Smt. Deepshikha Khaitan is due to retire at the end of the ensuing Annual General Meeting and being eligible, offers herself for re- appointment. Brief resume of Smt. Deepshikha Khaitan as required as per SEBI (Listing Obligations and Disclosure Requirements) Regulations, 2015 is provided in the notice convening the Annual General Meeting of the Company. Shri Ashok Chhajed ceased to be a director of the company w.e.f. 23.04.2016 on his resignation.

Board Evaluation

Pursuant to the provisions of the Companies Act, 2013 and Rules made thereunder, Schedule - IV of the Act and SEBI (LODR) Regulations, 2015, the Board has carried the evaluation of its own performance, Individual Directors, its Committees, on the basis of attendance, contribution and various criteria as recommended by the Nomination and Remuneration Committee of the Company.

The performance of each of the non-independent directors (including the chair person) was also evaluated by the Independent Directors at the separate meeting held of Independent Directors of the Company.

Policy on Directors appointment and remuneration

Criteria determining the qualifications, positive attributes and independence of Directors

Independent Directors

- Qualifications of Independent Director

An Independent director shall possess appropriate skills, qualifications, experience and knowledge in one or more fields of finance, law, management, marketing, administration, corporate governance, operations or other disciplines related to the Company''s business.

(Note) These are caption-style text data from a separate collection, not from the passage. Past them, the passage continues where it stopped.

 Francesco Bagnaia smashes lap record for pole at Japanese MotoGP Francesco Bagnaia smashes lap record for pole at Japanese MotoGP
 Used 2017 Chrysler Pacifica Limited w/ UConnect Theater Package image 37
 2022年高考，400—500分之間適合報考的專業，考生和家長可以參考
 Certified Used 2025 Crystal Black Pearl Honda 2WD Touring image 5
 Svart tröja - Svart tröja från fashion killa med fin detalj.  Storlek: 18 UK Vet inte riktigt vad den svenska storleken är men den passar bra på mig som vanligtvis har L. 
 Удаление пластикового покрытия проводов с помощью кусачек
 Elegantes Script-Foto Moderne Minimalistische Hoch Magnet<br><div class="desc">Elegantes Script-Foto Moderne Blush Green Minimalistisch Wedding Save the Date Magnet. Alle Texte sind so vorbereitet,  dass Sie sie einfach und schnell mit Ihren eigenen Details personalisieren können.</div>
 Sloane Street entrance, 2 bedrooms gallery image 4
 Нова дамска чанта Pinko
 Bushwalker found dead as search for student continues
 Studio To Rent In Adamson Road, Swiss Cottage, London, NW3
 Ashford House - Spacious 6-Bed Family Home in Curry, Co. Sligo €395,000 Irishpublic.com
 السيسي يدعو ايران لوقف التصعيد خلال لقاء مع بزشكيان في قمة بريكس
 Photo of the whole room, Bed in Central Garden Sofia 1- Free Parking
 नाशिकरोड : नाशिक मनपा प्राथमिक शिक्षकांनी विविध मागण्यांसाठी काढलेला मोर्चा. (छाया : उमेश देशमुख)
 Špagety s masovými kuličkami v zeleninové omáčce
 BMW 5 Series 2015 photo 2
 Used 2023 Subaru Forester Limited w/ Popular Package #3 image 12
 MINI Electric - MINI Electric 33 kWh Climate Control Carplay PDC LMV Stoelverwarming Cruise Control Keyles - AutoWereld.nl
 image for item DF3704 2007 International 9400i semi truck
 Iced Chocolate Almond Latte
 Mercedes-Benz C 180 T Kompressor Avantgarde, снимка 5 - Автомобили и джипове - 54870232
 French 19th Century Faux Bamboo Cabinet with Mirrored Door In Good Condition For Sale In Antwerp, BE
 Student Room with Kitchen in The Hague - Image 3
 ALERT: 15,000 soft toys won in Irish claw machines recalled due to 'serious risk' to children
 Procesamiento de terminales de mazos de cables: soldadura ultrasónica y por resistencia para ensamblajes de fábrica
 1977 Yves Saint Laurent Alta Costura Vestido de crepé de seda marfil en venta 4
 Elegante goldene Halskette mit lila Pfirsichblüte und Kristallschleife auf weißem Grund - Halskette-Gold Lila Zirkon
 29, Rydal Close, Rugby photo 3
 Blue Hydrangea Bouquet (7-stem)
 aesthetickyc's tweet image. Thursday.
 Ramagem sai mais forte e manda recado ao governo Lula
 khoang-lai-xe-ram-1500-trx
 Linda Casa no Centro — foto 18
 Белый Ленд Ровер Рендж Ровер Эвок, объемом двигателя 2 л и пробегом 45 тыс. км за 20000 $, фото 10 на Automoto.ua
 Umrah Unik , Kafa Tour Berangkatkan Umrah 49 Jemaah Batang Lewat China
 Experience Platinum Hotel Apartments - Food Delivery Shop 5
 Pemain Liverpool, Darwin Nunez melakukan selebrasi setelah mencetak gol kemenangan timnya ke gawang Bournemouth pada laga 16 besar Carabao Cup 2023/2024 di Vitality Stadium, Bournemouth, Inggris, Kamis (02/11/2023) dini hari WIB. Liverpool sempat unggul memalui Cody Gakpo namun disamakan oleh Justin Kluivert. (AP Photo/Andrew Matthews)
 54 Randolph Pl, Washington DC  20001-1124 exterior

- Positive attributes of Independent Directors

An independent director shall be a person of integrity, who possesses knowledge, qualifications, experience, expertise in any area, integrity, level of independence from the Board and the Company etc. Independent Directors are appointed on the basis of requirement of the Company, qualifications & experience, association with the Company etc. He should also devote sufficient time to his professional obligations for informed and balanced decision making; and assist the company in implementing the best corporate governance practices.

- Independence of Independent Directors

An Independent director should meet the requirements of Section 149(6) of the Companies Act, 2013 and SEBI (LODR) Regulations, 2015.

Other Directors and Senior Management

The Nomination and Remuneration Committee shall identify and ascertain the qualifications, expertise and experience of the person for appointment as Director or at Senior Management level and recommend to the Board his / her appointment.

The Company shall not appoint or continue the employment of any person as Whole-time Director or Senior Management Personnel if the evaluation of his performance is not satisfactory.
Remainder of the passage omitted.